Workers Challenge Ohio’s Sale of Prisons

     COLUMBUS, Ohio (CN) – Seven state prison workers and ProgressOhio.org asked a state judge to stop Ohio from enforcing a law that “purports to authorize the sale of state-owned prisons to private contractors.”



     Lead plaintiff ProgressOhio claims Gov. John Kasich’s attempted sale of five state prisons is “a radical departure from the status quo” and the House Bill 153, which authorized it, is unconstitutional.
     In its complaint in Franklin County Court, ProgressOhio.org describes itself as a 501(c)(4) organization that “seeks to inform and educate the public about progressive ideals, values and politics in order to provide a more just and democratic society.”
     It claims HB 153 violates the Ohio Constitution’s single-subject rule, and will violate the section of the state constitution that prohibits “joining public and private property rights.”
     “H.B. No. 153 includes numerous provisions that attempt to create, embellish or accomplish an extraordinary number of unrelated substantive programs and new policy goals for the state,” the complaint states.
     Among these many goals is the sale of Ohio prisons to private businesses. “Defendants have publicized requests for proposals and, upon information and belief, has [sic] received bids/proposals from more than one bidder for [the five prisons]. The bids/proposals were opened on or about July 1, 2011, and defendants are currently in the process of evaluating the proposals and intend to make selections of the successful bidder/proposer and to contract for and/or sell the facilities unless restrained and enjoined by this court.”
     The plaintiffs say that “if its contracts and deeds are not enjoined as prayed for herein, the State of Ohio … will be a joint owner and/or have mixed its property rights with the rights of the contractor and/or grantee to such an extent that the result will violate the prohibition in Section 4, Article VIII of the Ohio Constitution against joining public and private property rights.”
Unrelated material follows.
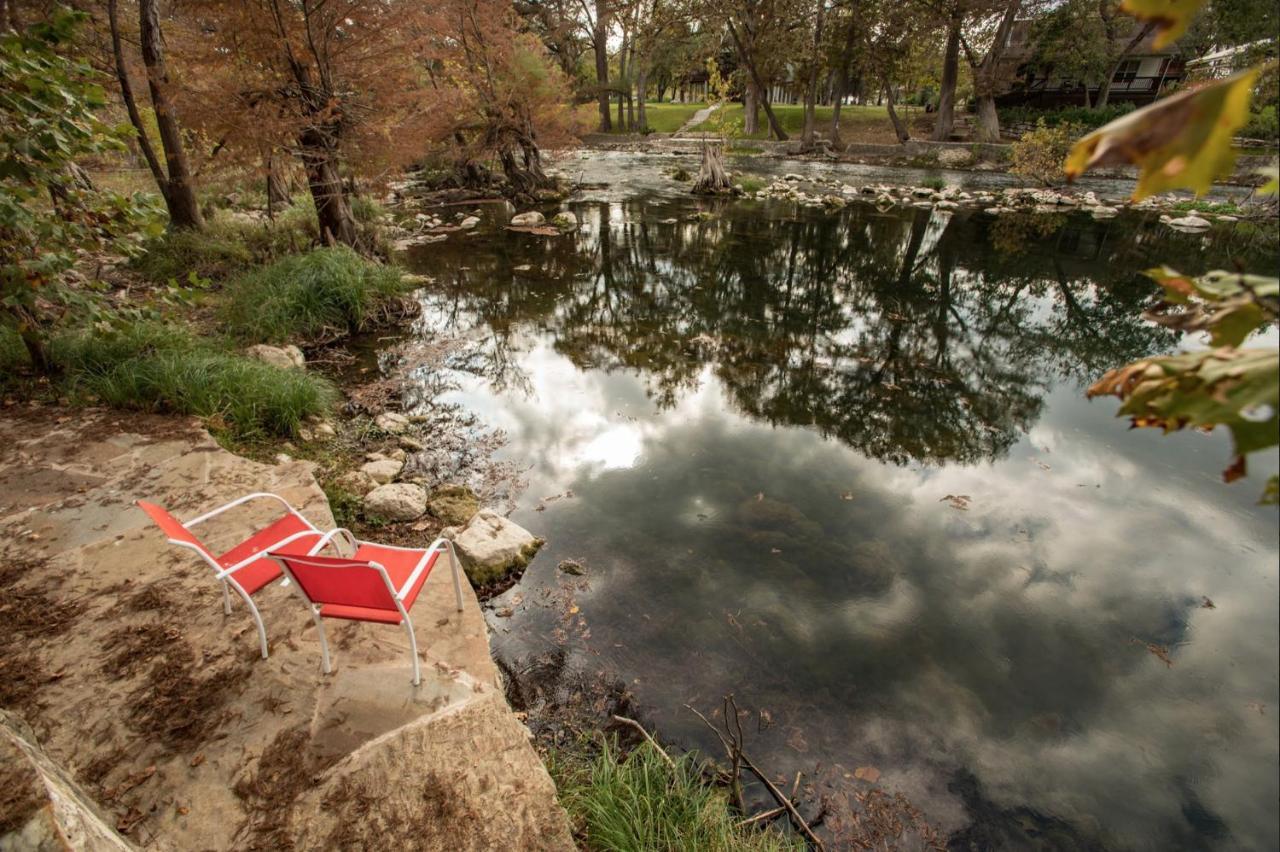 Gruene River Hotel & Retreat New Braunfels Exterior foto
     The plaintiff prison employees say they will be hurt by the new law, as “individuals such as plaintiffs … will not be public employees and thus the individual employee-plaintiffs and others will not be paid according to the wage scale applicable to state public employees and will not receive the applicable benefits.”
     The plaintiffs seek declaratory judgment that “H.B. No. 153 is unconstitutional in its entirety and may not be implemented, administered, enforced in any respect and no funds may be expended thereunder” and that the sales or prospective sales of the prisons be declared null and void.
     Following the lead of Wisconsin, Ohio has sought to clamp down on rights of public employees. Defendants include the State of Ohio, Gov, Kasich, Attorney General Mike DeWine, the Department of Rehabilitation and Corrections and its director, and the Department of Administrative Services and its director.
     The plaintiffs are represented by James Melle.